Searching online, it looks like people have encountered this kind of error before, at least with oracle databases, but the only fixes I've found seem specific to problems with the oracle jdbc, or rely on listing out every relevant column's details, which defeats my purpose for using sqoop- and it seems like this is something I should be able to fix in the initial sqoop import in some kind of setting.
Thanks in advance for any help!
Can you try --map-column-hive option. This will Overridethe default mapping from SQL type to Hive type for configured columns
Refer to the documentation here https://docs.hortonworks.com/HDPDocuments/HDP2/HDP-2.3.0/bk_dataintegration/content/using_sqoop_to_m...
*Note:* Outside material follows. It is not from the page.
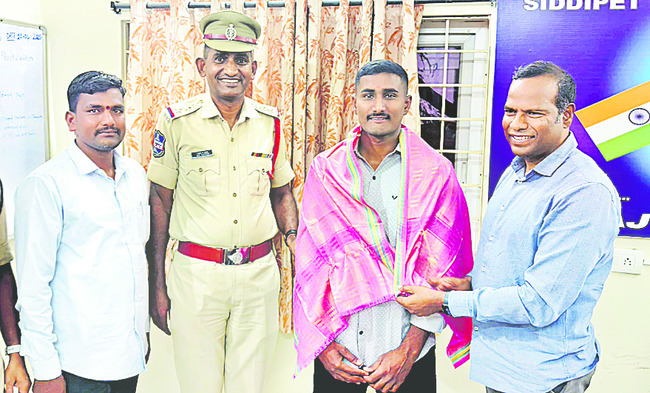 పోషకాహారలోపాన్ని నివారించాలి
1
Hi! Sorry for the slow response- The --map-column-hive option still would need me to list at least the name of every column that I want to keep as a datetime- I'm really looking for some way of just keeping ALL of the datetime columns as datetime columns. I guess in the case I do need to use -map-column-hive, do you know, can I still use that with import-all, with columns specified as tablename.columname?
**FIXED** Edit/update: Now trying just one table, I seem to be able to get the first column I list stored in the right type, and the rest still store as strings after sqoop tells me it can't find one of the other columns (and thus doesn't actually move any data; the table is just created)
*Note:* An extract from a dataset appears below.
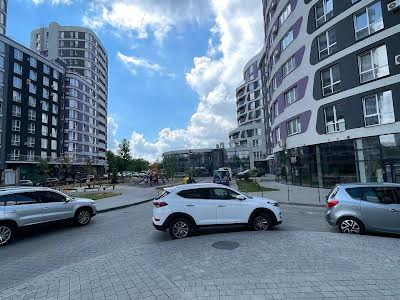 квартира за адресою Трускавецька вул., 2а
sqoop import --connect 'jdbc:sqlserver://connectionstring' --table sourcetable --hcatalog-table destinationtable --create-hcatalog-table --hcatalog-storage-stanza 'stored as orc' --map-column-hive 'datedata=date, effectivestartdate=date, effectiveenddate=date, startdate=date, enddate=date' -- --schema main
Error: Column effectivestartdate not found while mapping database columns to hcatalog columns
Fix: remove spaces between items in --map-column-hive parameter, e.g. datedata=date,startdate=date
For now I'll use a script to generate the --map-column-hive parameter for each table and run the import command on each individually, but the question still stands, if you know of a way to set the default type mapping
I also have trouble sqoop importing from a Sybase ASE 15.7 with hcatalog table creation. Sqoop/hcat is mapping date and datetime to string.
It seems to identify the column types with hcat.SqoopHCatUtilities
18/07/26 13:09:26 INFO hcat.SqoopHCatUtilities: Database column name - info map : ... date : [Type : 91,Precision : 10,Scale : 0] datetime : [Type : 93,Precision : 23,Scale : 3] ...
But maps to string when creating the table
create table `henrik_o`.`datatypes` ( ... `date` string, `datetime` string ...
I too would like to avoid manually having to override the mapping with --map-column-hive. Can anyone make this work automatically, so hive tables get created with date and datetime types when seen in source db?